REVIEW: Cleopatra in Space: The Thief and the Sword
Cleopatra in Space: The Thief and the Sword
By Mike Maihack
191 pages, Scholastic Graphix, $12.99
When Scholastic brought Mike Maihack’s webcomic Cleopatra in Space to print, it seemed like a perfect fit for their line. Unfortunately, the protagonist had as much to do with the real life Cleopatra as does the Queen of England. Target Practice was an Egyptian-flavored space opera with an overly familiar feel to it, much like the overhyped Amulet series from Graphix.

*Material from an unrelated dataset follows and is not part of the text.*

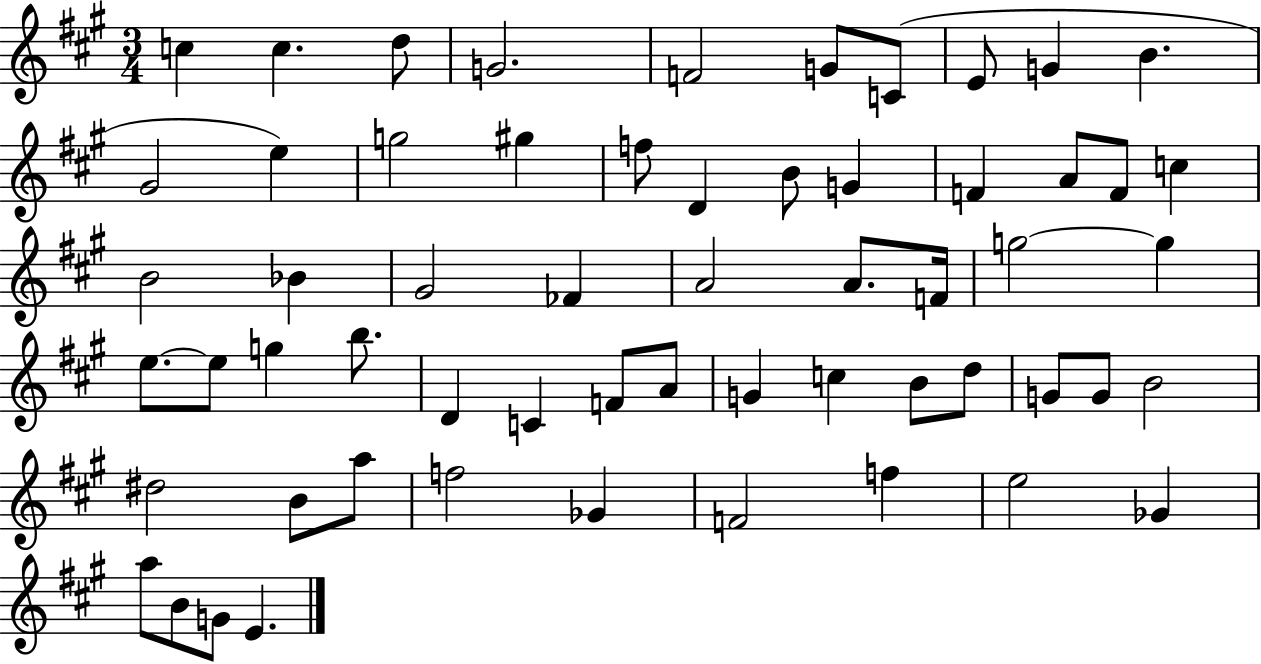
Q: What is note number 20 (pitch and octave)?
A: A4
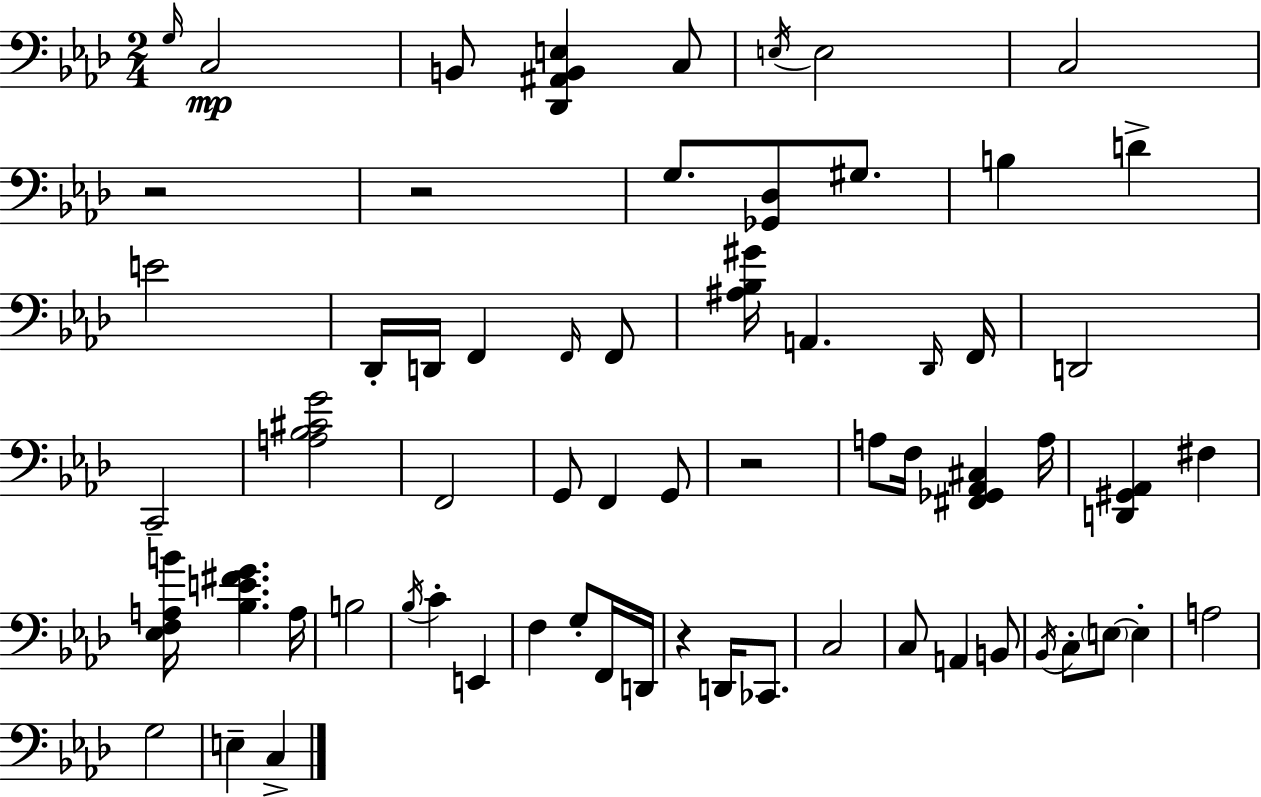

We now have the second volume and it does little fresh or different. In fact, it does less than volume one, slowing things down. Considering the annual release pattern, young readers deserve stories with beginnings, middles, and ends. Here, we start in the middle and reach page 191 without too much happening, leaving us with a cliffhanger that will frustrate the audience and make parents feel as if they wasted their money.
Maihack clearly studied comics when the decompressed storytelling of the late 1990s and 2000s were all the rage. At the time, graphic novel collections were increasingly valuable to the bottom line and six issue collections were the sweet spot. That meant pacing went way down and things dragged out. Here, Maihack spends lots of time watching people run, jump, fight, and so on without much of consequence happening. Similarly, he never deepens the characters so they remain flat, two-dimensional types rather than complex beings.
Maihack clearly knows how to tell a story and his character designs are good. His color palette is interesting and he brings some nice emotion to his story but that’s as far as it goes and for the price, more is expected. Heck, I’ll say, it’s demanded.